Ask HN: What happens when companies break their SLA uptime? - rileyt
Is there an easy way to monitor when a companies uptime drops below what is specified in their SLA and enforce the penalties? It also seems like something that should be published somewhere for new customers to see.<p>Slack has a stated uptime of 99.99%  (4.5 minutes per month) in their SLA, but just today alone they are already approaching 30 minutes and it seems like this has been happening on a quarterly basis.
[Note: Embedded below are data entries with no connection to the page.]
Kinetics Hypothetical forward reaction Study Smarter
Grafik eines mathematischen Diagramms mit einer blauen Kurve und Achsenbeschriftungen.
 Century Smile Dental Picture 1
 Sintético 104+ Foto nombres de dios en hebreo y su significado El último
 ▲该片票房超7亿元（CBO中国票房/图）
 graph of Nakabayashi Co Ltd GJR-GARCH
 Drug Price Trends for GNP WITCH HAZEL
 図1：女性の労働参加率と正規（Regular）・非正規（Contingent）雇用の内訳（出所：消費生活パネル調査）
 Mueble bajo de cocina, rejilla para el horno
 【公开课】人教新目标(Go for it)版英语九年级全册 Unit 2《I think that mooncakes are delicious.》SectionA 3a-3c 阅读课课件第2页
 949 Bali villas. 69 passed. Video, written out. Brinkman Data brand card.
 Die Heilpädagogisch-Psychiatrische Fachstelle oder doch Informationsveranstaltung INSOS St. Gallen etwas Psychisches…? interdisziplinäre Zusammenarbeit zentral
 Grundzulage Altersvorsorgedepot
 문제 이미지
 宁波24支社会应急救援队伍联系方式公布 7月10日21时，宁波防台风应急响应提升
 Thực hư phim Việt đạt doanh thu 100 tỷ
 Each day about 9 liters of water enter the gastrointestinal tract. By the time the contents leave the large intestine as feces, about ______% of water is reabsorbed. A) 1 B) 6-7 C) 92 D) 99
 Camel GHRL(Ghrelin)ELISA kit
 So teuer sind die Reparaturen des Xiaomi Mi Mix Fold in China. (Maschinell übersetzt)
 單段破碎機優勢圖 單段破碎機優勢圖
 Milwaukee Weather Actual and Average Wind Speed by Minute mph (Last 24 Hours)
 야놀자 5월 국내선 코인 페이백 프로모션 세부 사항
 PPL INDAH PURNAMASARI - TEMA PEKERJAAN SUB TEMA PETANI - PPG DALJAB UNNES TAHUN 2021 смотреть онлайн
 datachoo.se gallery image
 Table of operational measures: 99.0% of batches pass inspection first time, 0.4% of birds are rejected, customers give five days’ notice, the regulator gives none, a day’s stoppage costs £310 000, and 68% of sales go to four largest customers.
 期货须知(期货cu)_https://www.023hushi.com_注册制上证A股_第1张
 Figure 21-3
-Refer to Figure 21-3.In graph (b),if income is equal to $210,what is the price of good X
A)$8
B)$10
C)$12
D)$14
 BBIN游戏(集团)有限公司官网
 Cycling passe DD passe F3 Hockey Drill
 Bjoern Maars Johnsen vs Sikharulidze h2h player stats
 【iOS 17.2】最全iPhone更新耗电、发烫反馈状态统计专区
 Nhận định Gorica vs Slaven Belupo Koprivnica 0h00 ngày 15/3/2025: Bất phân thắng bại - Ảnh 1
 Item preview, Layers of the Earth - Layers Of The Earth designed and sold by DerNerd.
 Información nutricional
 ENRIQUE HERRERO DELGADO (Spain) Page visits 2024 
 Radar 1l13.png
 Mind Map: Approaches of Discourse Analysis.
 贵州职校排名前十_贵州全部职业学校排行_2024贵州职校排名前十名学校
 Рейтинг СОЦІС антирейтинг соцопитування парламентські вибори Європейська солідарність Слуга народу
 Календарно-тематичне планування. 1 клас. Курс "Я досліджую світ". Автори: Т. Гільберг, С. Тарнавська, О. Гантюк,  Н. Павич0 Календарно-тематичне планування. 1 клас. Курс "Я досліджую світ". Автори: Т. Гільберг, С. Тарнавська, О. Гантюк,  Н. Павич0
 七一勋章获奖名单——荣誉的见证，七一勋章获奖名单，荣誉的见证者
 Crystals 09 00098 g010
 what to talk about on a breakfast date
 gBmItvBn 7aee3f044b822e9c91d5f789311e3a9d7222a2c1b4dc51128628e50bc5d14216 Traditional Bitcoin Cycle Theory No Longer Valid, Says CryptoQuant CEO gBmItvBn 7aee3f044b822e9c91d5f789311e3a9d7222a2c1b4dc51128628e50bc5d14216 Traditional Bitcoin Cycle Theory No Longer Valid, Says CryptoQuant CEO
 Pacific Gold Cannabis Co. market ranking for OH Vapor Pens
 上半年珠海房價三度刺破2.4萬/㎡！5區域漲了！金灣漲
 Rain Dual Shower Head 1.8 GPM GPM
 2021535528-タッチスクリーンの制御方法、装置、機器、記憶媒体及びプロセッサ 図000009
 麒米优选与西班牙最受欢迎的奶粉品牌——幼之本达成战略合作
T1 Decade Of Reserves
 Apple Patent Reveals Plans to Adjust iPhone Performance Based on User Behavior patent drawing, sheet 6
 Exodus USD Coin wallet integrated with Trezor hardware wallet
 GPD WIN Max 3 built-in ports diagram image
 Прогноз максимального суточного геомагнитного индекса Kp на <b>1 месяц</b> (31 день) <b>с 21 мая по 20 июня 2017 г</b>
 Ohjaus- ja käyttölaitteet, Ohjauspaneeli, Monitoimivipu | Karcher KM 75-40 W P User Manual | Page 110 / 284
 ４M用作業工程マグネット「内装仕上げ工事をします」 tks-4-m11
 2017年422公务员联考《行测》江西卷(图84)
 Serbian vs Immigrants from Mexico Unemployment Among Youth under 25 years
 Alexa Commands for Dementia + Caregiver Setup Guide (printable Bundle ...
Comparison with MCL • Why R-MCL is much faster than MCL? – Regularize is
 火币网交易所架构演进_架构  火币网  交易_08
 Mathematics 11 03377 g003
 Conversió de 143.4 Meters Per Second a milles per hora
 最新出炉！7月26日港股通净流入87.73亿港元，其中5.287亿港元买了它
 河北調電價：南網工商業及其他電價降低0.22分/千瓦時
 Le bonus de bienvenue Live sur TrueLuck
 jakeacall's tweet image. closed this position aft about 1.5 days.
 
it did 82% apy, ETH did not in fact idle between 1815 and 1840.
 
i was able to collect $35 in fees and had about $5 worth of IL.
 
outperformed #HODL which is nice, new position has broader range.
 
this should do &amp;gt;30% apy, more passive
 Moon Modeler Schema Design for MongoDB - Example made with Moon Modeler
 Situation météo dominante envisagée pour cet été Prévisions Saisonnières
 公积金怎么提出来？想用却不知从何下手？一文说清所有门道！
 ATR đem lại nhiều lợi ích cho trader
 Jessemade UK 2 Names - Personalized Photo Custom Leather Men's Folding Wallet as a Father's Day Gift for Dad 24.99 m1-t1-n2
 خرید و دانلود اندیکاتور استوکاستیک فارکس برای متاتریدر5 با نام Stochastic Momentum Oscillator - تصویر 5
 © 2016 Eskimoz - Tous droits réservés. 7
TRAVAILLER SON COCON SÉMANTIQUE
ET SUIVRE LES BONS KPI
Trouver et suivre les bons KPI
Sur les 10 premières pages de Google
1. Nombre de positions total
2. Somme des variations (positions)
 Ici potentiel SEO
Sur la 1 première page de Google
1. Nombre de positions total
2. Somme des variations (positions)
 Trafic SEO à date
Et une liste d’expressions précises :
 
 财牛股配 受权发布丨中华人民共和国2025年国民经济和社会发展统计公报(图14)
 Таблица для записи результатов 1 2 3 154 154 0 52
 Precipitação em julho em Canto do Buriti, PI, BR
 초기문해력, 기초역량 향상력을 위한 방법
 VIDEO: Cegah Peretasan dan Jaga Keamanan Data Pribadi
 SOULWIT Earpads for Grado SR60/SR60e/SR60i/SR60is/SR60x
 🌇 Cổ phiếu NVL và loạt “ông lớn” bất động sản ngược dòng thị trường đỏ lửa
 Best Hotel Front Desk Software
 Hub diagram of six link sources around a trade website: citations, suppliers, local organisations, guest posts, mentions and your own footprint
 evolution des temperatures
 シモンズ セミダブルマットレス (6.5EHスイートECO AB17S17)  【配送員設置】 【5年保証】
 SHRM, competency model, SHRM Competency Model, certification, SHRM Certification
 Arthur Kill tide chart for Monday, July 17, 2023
Are they paying for this?
======
shoo
[https://get.slack.help/hc/en-us/articles/204113126-Plus-
Plan...](https://get.slack.help/hc/en-us/articles/204113126-Plus-Plan-Service-
Level-Agreement-SLA-)

it's interesting to read how downtime is precisely defined.

If slack is available for all other customers 100% of the time, ignoring
scheduled downtime, but is never available for you, and they have at least
10,000 customers in total, then this suffices to hit their 99.99% downtime
target.

> If we fall short of our 99.99% uptime guarantee, we’ll refund customers on
> the Plus plan and above 100 times the amount your workspace paid during the
> period Slack was down.

In this case they would not refund any customers, including you, since they
had hit their 99.99% uptime guarantee averaged over all their customers.

------
londons_explore
Generally to claim a refund from a company you need to be moitoring them
yourself.

You need to be able to say "We have this thing in our office pinging your API,
and it was down for the last 96 minutes, therefore pay up!"

If you don't chase the company and present evidence, they won't pay for their
own SLA violations.

The companies own status dashboards usually don't have sufficient proof to
claim. "We are investigating reports that some customers may be encountering
connection difficulties" isn't enough info to prove that _you_ were seeing
downtime.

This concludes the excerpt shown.